What Is Kennel Cough (Bordetella) in Dogs?
Kennel cough, also known as Bordetella, is a bacterial infection that affects a dog's respiratory system. It's commonly contracted in places where dogs interact, like daycare, groomers, parks, or boarding facilities.
Bordetella is the most common cause of kennel cough in dogs.
How Do Dogs Get Bordetella?
Dogs can catch kennel cough by berating in tiny bacteria particles. This can lead to an irritated windpipe or voice box. Dogs who visit places where they may come into contact with other dogs, such as doggy daycare, groomers, dog parks, and boarding facilities, are more likely to contract this virus and develop symptoms of an upper respiratory infection.
Certain situations can increase the chances of a dog catching diseases caused by the bacterium. These include the following:
- Staying in a poorly ventilated living space (such as certain kennels)
- Colder temperatures
- Exposure to dust or smoke
- Stress (often brought on by travel issues)
Symptoms of Bordetella in Dogs
A persistent cough characterizes Bordetella infections in dogs. Coughing can sound similar to a honking goose, according to dog parents. Vets refer to this as "reverse sneezing."
Some other symptoms of Bordetella infections in dogs include:
- Eye discharge
- Less of an appetite
- A consistently runny nose
Treatments for Dogs With Bordetella
The good news is that most Bordetella cases get better without extra treatment. If you take your dog to the vet, they might give you an antibiotic to speed up recovery. Always take the full dose of any medication prescribed by your veterinarian.
Vaccines are also available to prevent infections.
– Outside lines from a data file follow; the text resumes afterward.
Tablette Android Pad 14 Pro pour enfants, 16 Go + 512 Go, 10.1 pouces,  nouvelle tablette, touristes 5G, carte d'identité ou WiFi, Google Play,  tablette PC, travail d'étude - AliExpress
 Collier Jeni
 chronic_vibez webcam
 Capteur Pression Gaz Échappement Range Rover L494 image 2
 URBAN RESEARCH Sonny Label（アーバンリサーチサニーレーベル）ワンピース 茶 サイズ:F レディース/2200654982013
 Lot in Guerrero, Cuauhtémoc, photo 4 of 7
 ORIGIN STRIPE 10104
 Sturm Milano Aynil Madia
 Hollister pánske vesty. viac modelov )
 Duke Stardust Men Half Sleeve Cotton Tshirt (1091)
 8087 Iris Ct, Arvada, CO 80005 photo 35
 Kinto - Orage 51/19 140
Your vet can administer vaccines against these diseases either by injection or via nose drops.
Bordetella Vaccine for Dogs
The Bordetella vaccine, also known as the nelle cough vaccine for dogs, safeguards your dog from kennel cough. It's readily available and is recommended annually, though some places may suggest it every six months.
If your dog visits dog parks, boarding facilities, dog daycare, training classes, or dog shows, they are at risk of contracting Bordetella. Many of these facilities require dogs to have proof of Bordetella vaccination, so getting the vaccine is in your dog's best interest for his health and extracurricular activities.
While vaccinations are usually safe, consult your vet if your dog is unwell, pregnant, or has had vaccine reactions before. They will discuss the risks and benefits of the vaccine for dogs with a previous history of vaccine reactions.
Note: The advice provided in this post is intended for informational purposes and does not constitute medical advice regarding pets. For an accurate diagnosis of your pet's condition, please make an appointment with your vet.